Esencialmente se ven obligados a ignorar más de lo que en realidad ignoran. Es decir, a consentir en la manipulación. Y manipulación es también arremeter contra quienes no entienden mucho de nada y han de decir algo de todo, dada su ajetreada profesionalidad política, olvidando a la otra parte contratante, que quizá pueda sustentar alguna opinión, incluso acerca de las maneras de timonear la nave en la que todos los del papel impreso navegamos.

Puesto que el sistema de libre empresa le concede al editor la facultad soberana de disponer de la existencia o inexistencia-de la obra literaria, no parece excesivo, al menos desde los supuestos de una mínima cogestión, que la marinería del 10% subiese alguna vez a cubierta.
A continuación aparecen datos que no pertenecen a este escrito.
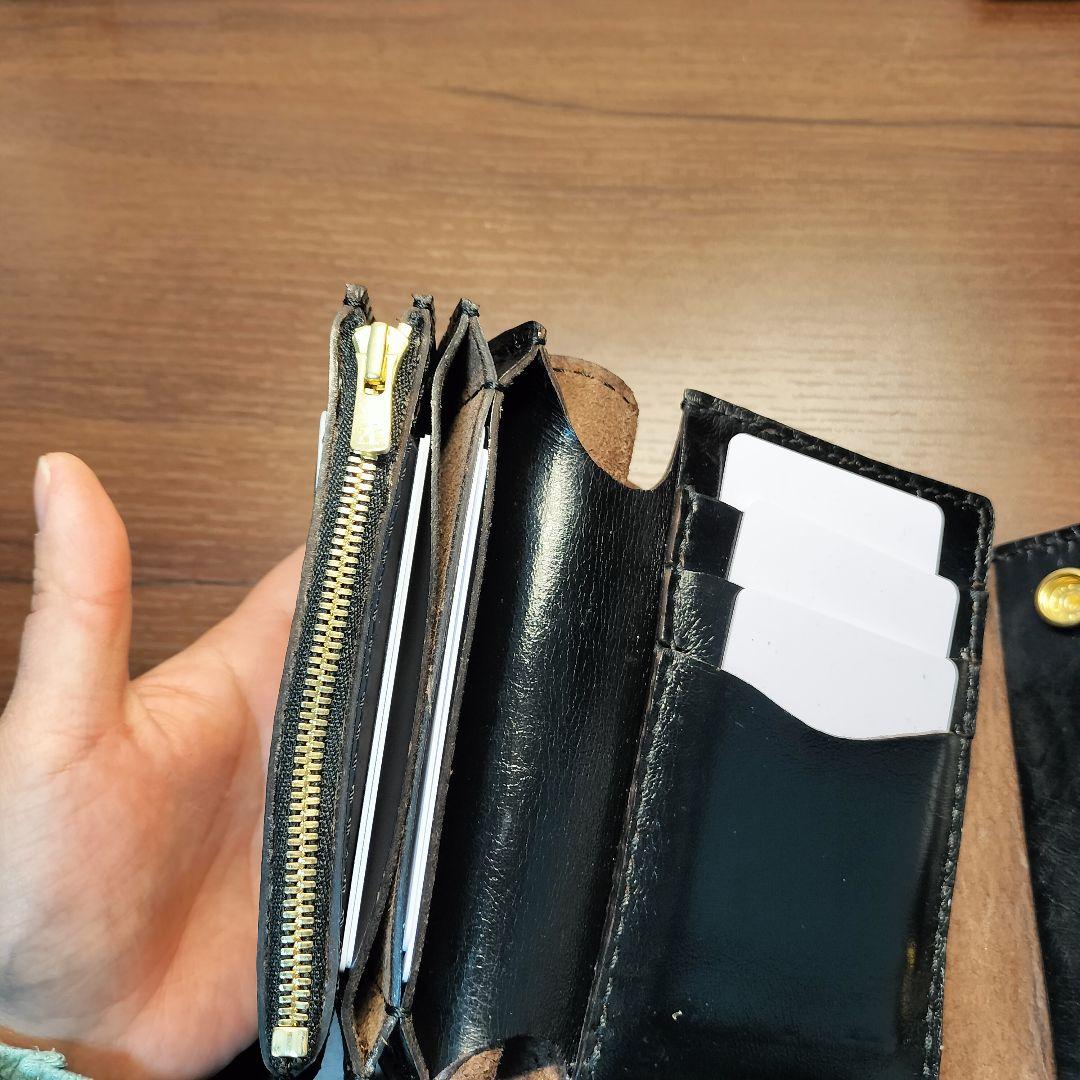 茶芯　ホースハイド　三つ折りトラッカーウォレット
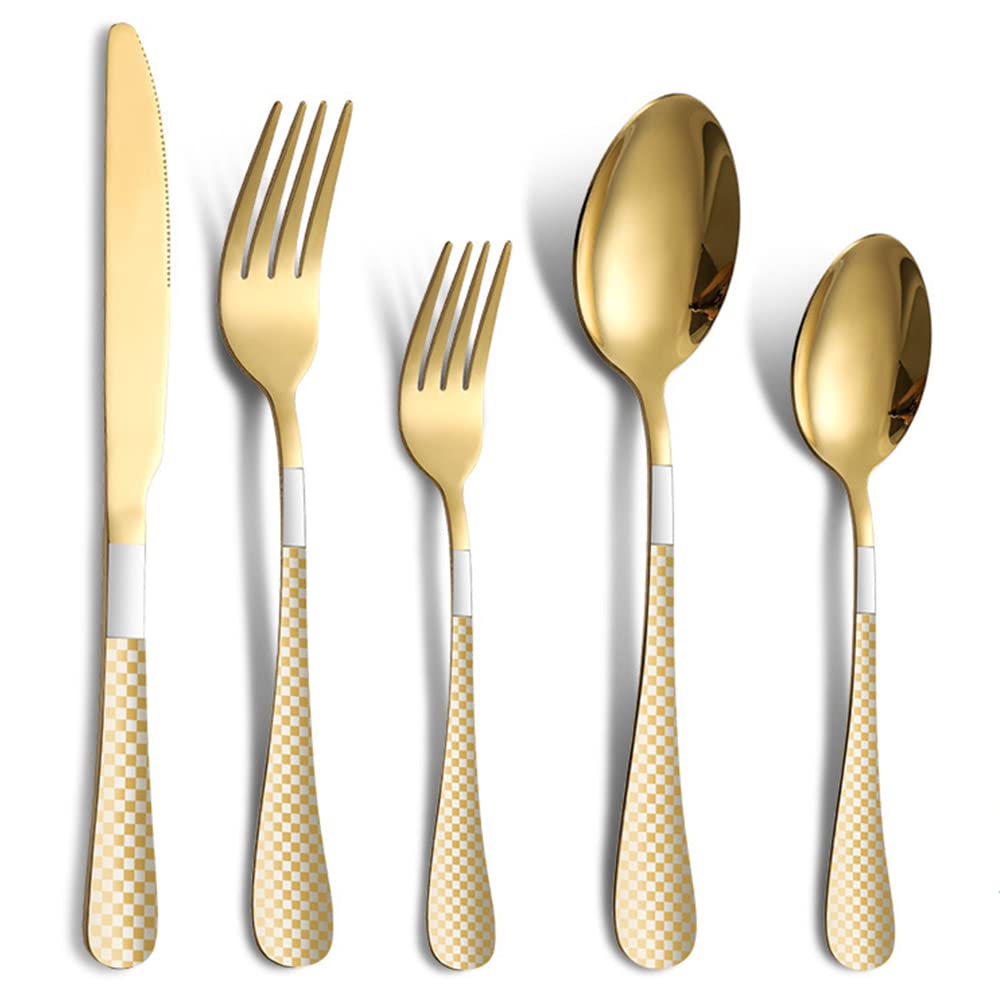 Cubiertos de acero inoxidable duradero con acabado espejo oro para cenas exclusivas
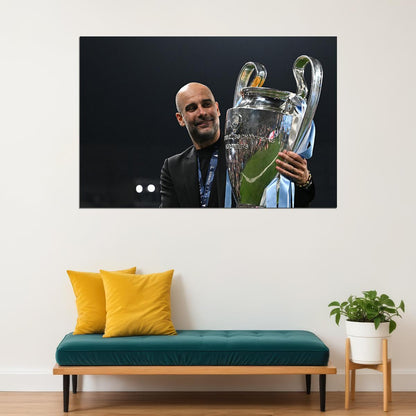 Pep Guardiola Manchester Champions League Winners Poster Wall Art Print Home Wall Decor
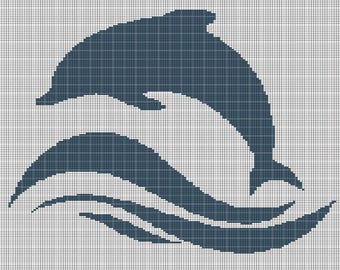 Dolphin in the Sea crochet afghan pattern graph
Indudablemente algo tendrán que decir estos sujetos que mantienen encendidas las calderas.

En más de una ocasión me he preguntado si el pesimismo del escritor español, nuestra tendencia a la quejumbre, no estará inmediatamente determinado por la quejumbrosidad de la industria editorial. Tanto se nos repite que nuestros libros no se venden porque son muy malos, se nos ha imbuido tanta conciencia de arruinadores sañudos, que no nos atrevemos a imaginar que quizá se venderían más si se creyesen menos hombres de negocios quienes han elegido el oficio de difundir las letras. Mercado potencial, gracias al primer aImirante de las Indias Occidentales, se diría que no falta.
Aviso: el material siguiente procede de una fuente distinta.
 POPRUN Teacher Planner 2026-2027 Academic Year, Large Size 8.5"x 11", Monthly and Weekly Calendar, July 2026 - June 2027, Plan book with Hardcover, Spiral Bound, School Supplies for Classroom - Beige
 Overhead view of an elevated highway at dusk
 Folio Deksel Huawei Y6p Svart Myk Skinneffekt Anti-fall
Por ello, opino que, desde una plataforma de elemental solidaridad, despegaríamos auténticamente hacia el gran debate de la cultura indígena. Pretender cercar la cuestión en un acotado de políticos y de editores, parece mandarinesco capricho de la superestructura manipuladora. No veo qué puedan resolver juntos estamentos tan atípicos, culturalmente hablando, y tan heterogéneos, salvo en su compartida proclividad a salir en televisión.

Recientemente, nuestro común amigo y colega vuestro, Jesús Aguirre, se preguntaba en este diario, considerando las inconveniencias de la crítica acerada en una comunidad, «¿por qué obligar a los poetas a escribir la que generalmente es su poesía de menor calidad, la de combate?» ¡Claro que sí! ¿Por qué silenciar unas voces, de las que cabe esperar el eco de la propuesta no bélica?
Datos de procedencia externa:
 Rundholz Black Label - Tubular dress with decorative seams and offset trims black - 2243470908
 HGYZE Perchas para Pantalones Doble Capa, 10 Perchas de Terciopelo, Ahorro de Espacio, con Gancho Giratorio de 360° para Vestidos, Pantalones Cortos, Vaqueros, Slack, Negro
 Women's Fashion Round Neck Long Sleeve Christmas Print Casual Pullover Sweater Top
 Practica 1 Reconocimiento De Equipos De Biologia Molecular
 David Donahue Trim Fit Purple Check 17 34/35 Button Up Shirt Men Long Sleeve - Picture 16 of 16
Esos que, practicándola, no viven de la cultura constituyen el tercero imprescindible en un diálogo, cuyos interlocutores están falsamente designados. No olvidemos que el primer interlocutor ha de ser quien, en esta actividad, se denomina público lector. O sea, el que compra, en terminología empresarial.

En todo caso, queridos amigos, terminando como suelen los contratos de edición, me someto, en caso de disconformidad, a la jurisdicción de vuestro criterio. Que aun no siendo los de Cervantes (ni uno Cervantes), no están los tiempos para enzarzarse con dos editores, a quienes, encima, uno estima y admira.